Côte d’Ivoire, leader économique incontesté de l’UEMOA face à l’AES

Croissance économique

Côte d’Ivoire : l’économie la plus dynamique de l’UEMOA face au trio de l’Alliance des États du Sahel

Avec une croissance soutenue et une stabilité macroéconomique enviée, la Côte d’Ivoire s’impose comme le pôle économique dominant de l’Union économique et monétaire ouest-africaine (UEMOA). Son marché intérieur en expansion, ses infrastructures de classe mondiale et son activité portuaire parmi les plus dynamiques du continent en font un acteur incontournable. Entre investissements massifs et diversification économique, Abidjan confirme son statut de hub régional, laissant loin derrière les économies du Mali, du Burkina Faso et du Niger.

Panorama économique de la Côte d'Ivoire : infrastructures et dynamisme entrepreneurial

Avec un budget d’investissement public dépassant les 4 195 milliards de FCFA, la Côte d’Ivoire pulvérise les records au sein de l’UEMOA. Ce montant colossal, bien au-delà des capacités de ses voisins, permet au pays de financer simultanément des projets d’envergure dans des secteurs clés : transports, énergie, urbanisme et digitalisation. Les chiffres parlent d’eux-mêmes : l’enveloppe ivoirienne représente à elle seule près du double des 2 100 milliards de FCFA cumulés par le Mali, le Burkina Faso et le Niger, membres de l’Alliance des États du Sahel (AES).

Cette hégémonie économique se confirme à l’échelle de l’Union. La Côte d’Ivoire capte à elle seule 44 % des investissements publics programmés dans l’UEMOA, une proportion qui dépasse largement celles du Bénin (+3x), du Sénégal (+4x) et de la Guinée-Bissau (+plusieurs dizaines de fois). Ces ressources considérables s’expliquent par la force intrinsèque de l’économie ivoirienne, la plus robuste de la sous-région. Marché national étendu, recettes fiscales optimisées et accès facilité aux marchés financiers internationaux : autant de leviers qui permettent au pays de lancer des programmes transformateurs.

Les investissements publics atteignent en moyenne 116 500 FCFA par habitant en Côte d’Ivoire, un niveau supérieur à celui du Togo et du Bénin. Cet écart est encore plus marqué face au Sénégal, au Mali, au Burkina Faso et au Niger, où les montants alloués par citoyen restent significativement inférieurs. Toutefois, au-delà des volumes, la performance des dépenses publiques devient un critère essentiel. Des infrastructures comme les routes, les ports ou les zones industrielles ne génèrent leur plein impact que si elles sont réalisées avec rigueur et répondent aux besoins réels des entreprises et des populations.
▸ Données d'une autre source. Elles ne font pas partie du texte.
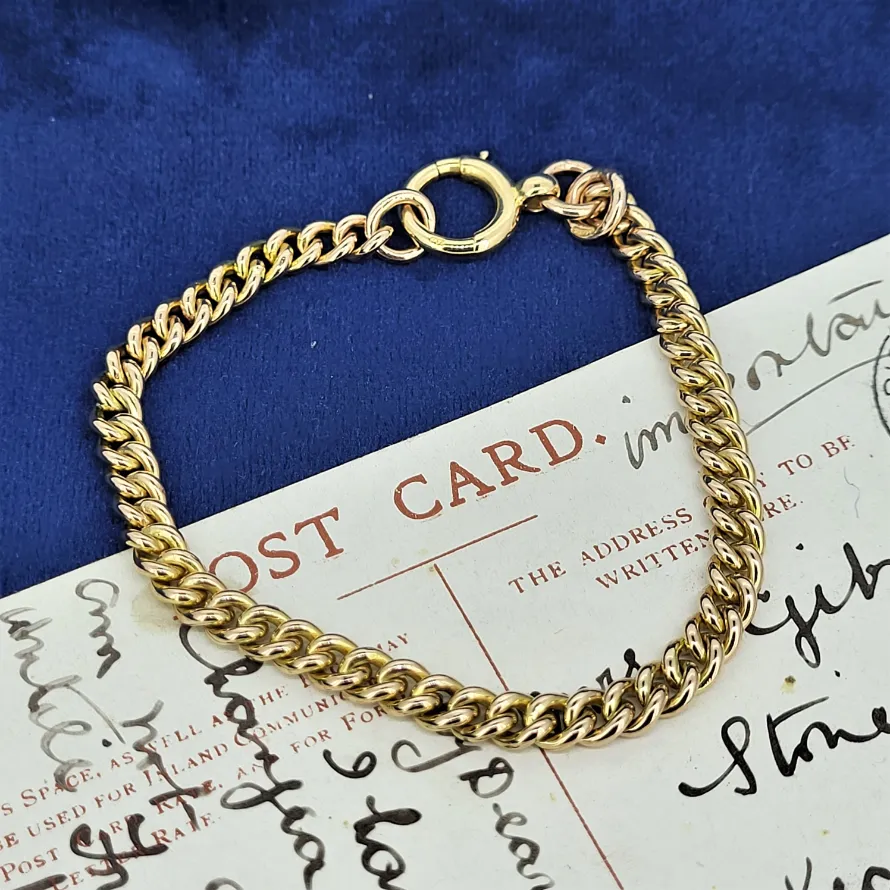 9ct Gold Albert Style Bracelet-curb-bracelet-dublin-large-bolt-ring.webp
Les projections confirment cette dynamique. Selon les dernières analyses, le PIB ivoirien pourrait dépasser le double d’ici 2040, grâce à une transformation industrielle accélérée et à un secteur agro-industriel en pleine expansion. Le cacao, l’or et l’énergie constituent le socle d’exportations diversifiées, tandis que le Port autonome d’Abidjan renforce son rôle de porte d’entrée majeure pour les échanges en Afrique de l’Ouest. Ces atouts structurels positionnent la Côte d’Ivoire comme un acteur clé du développement économique ouest-africain.

Pourtant, le défi reste entier : transformer cette puissance économique en opportunités concrètes pour les entreprises locales, la création d’emplois et l’amélioration du niveau de vie. La Côte d’Ivoire dispose désormais des moyens, des infrastructures et des capacités pour jouer un rôle de premier plan dans l’UEMOA et au-delà, à condition de poursuivre une gestion rigoureuse et inclusive de ses ressources.